Otwarła drzwi i zamarła ze zdziwienia jak żona Lota. W lodówce siedział skrzydlaty diabełek wielkości chomika i jakby nigdy nic energicznie zajadał parówkę dwa razy większą od niego. Louise powoli zamknęła oczy. Potem otwarła. Nic się nie zmieniło.

– Nie wolno otwierać drzwi bez pukania – pouczającym tonem oznajmił wstrętny liliput.

– Aaaaaaa… – wydusiła z siebie Louise.

– Najważniejsze: nie krzyczeć. Nie chcemy przecież nikogo obudzić? – rzekło paskudztwo ugodowo. – Najlepiej nie zwracaj na mnie uwagi. A w ogóle to mnie tu nie ma. Tylko ci się śnię.

Louise wolno zamknęła drzwi lodówki. Oparła się plecami o białą powierzchnię i przez kilka sekund stała bez ruchu. Potem odwróciła się i zdecydowanie szarpnęła za uchwyt.

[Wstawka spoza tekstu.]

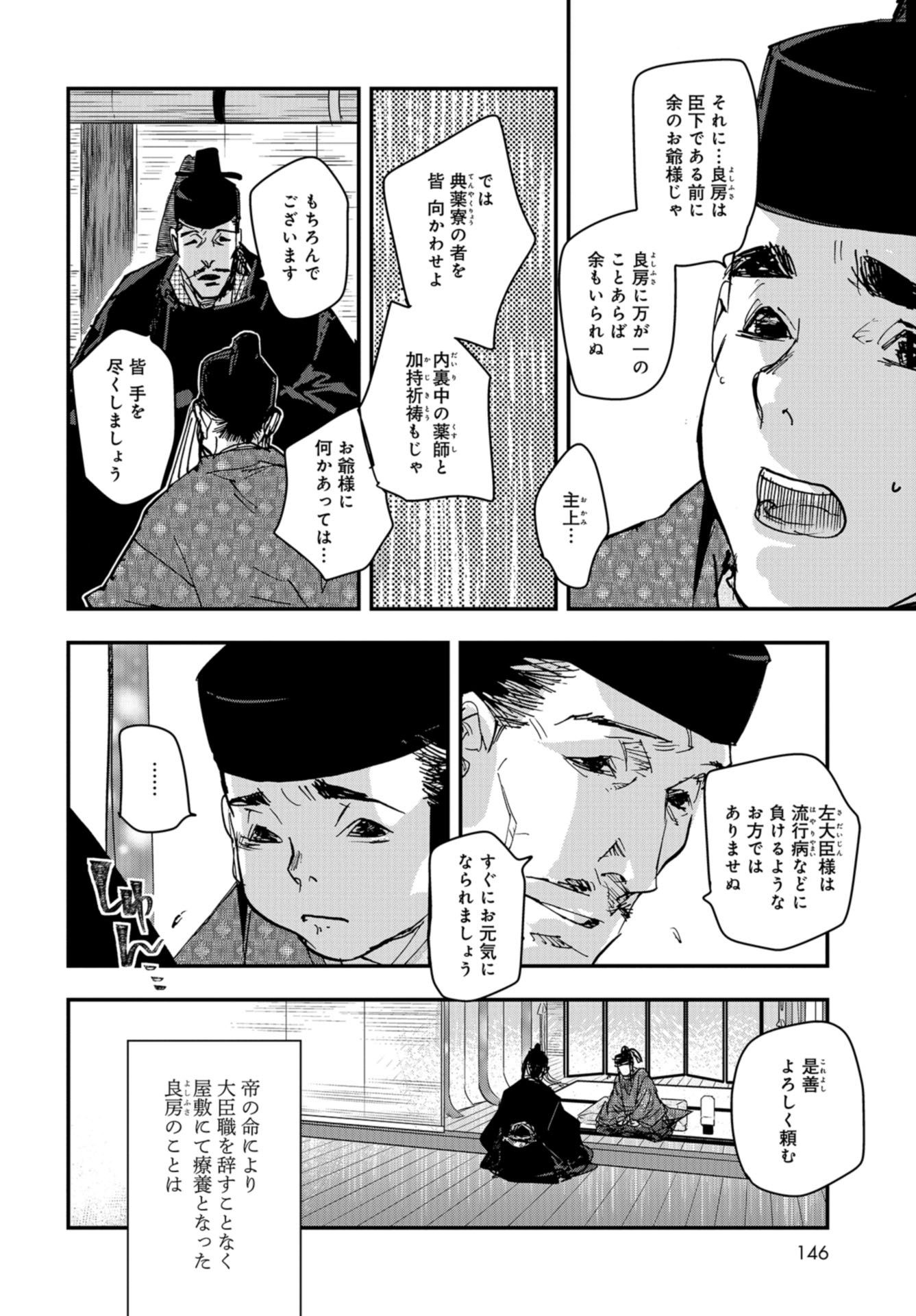 Outen no Mon Chapter 77 page 24 - nihonkuni.com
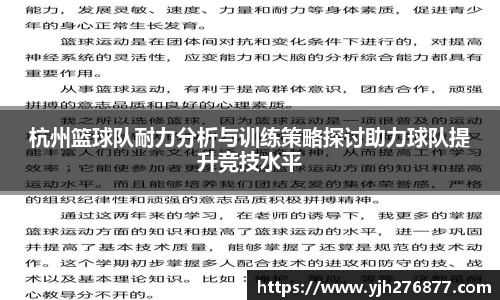 YY体育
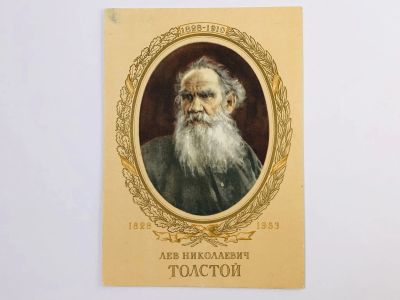 Лот: 23296584. Фото: 1. Лев Николаевич Толстой. 1828-1953... Открытки, конверты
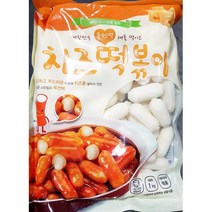1kg 대용량 간식 퓨전떡 치즈떡볶이 HMR 가정간편식 밀키트 자취생 1인가구 반조리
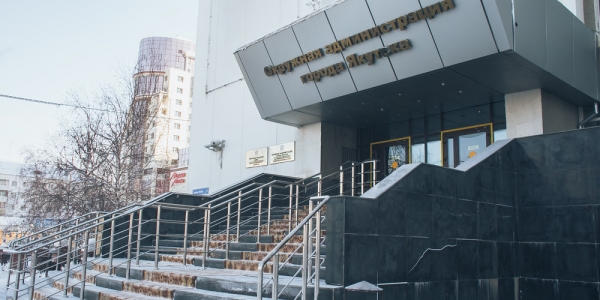 Мэрия усилит меры по выявлению нарушений Правил благоустройства в Якутске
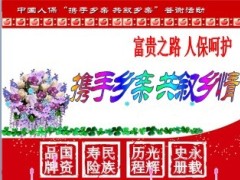 2013双乡会农网产说会课件57页.ppt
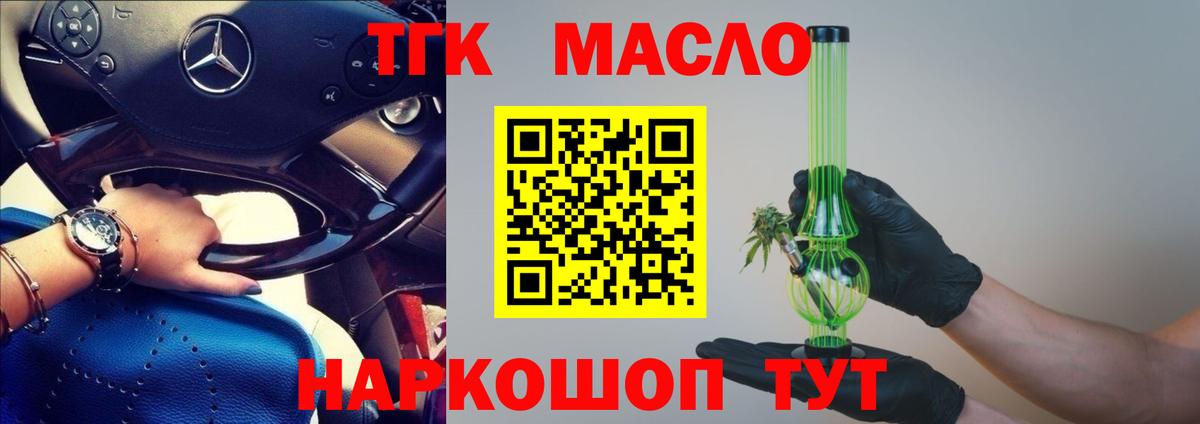 ГАШ Котовск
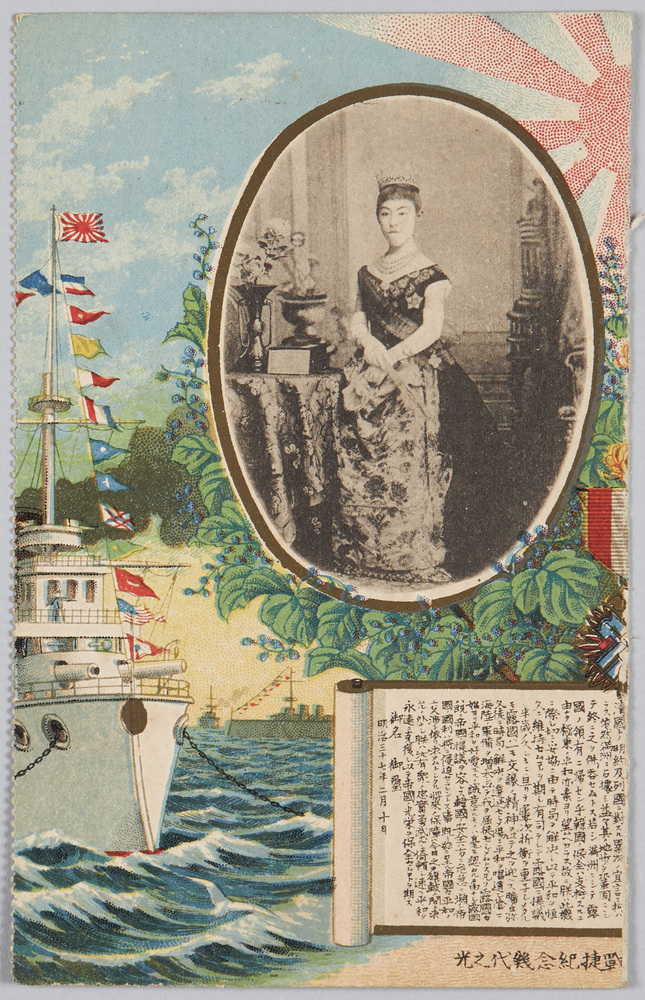 Empress (Empress Dowager Shōken), Imperial Proclamation of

Diabełka w środku już nie było. Została za to niedojedzona połówka parówki. Gdy się dobrze przyjrzeć, można by zauważyć ślady drobnych ząbków.

Louise dokładnie obejrzała parówkę. Zastanowiła się.

Potem ją zjadła.

Vanessa obudziła się, gdy słońce stało już wysoko na niebie. Światło zalewało cały pokój, przypominając, że październik to nie grudzień, a Kalifornia to nie Alaska.

Kreol siedział na tym samym miejscu, w jakim zostawiła go wieczorem. Z jedną niewielką różnicą – teraz jego głowa leżała na książce, a oczy miał zamknięte. Wyglądało na to, że mag mimo wszystko przecenił swoje możliwości, gdy mówił, że teraz długo nie będzie potrzebował snu. Vanessa popatrzyła na niego z tkliwością, prawie tak, jak spoglądała na Fluffiego, gdy ten zmęczony zabawą pluszową myszą zasypiał na środku pokoju.